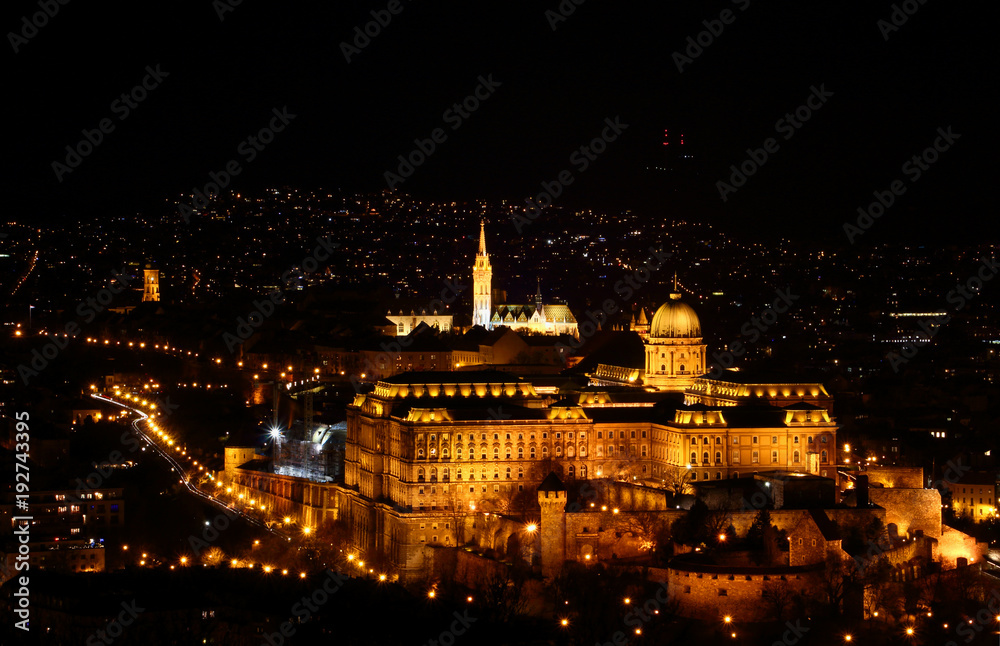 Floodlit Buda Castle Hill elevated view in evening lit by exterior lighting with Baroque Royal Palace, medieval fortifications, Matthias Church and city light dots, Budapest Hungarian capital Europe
* * *
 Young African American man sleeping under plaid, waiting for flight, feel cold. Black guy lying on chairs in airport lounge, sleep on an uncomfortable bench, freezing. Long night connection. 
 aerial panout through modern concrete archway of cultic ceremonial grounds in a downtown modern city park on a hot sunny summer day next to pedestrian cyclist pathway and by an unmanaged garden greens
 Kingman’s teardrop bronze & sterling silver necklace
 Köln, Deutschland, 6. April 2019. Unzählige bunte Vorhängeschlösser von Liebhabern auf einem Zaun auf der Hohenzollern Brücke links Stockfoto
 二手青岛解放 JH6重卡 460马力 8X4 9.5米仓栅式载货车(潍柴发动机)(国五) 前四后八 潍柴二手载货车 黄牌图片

• **Your instructions**
What is asked for is an exact copy of the lines above from the one containing "Köln, Deutschland, 6." through the one containing "二手青岛解放 JH6重卡 460马力", and only those.

• **Output for this task**
 Köln, Deutschland, 6. April 2019. Unzählige bunte Vorhängeschlösser von Liebhabern auf einem Zaun auf der Hohenzollern Brücke links Stockfoto
 二手青岛解放 JH6重卡 460马力 8X4 9.5米仓栅式载货车(潍柴发动机)(国五) 前四后八 潍柴二手载货车 黄牌图片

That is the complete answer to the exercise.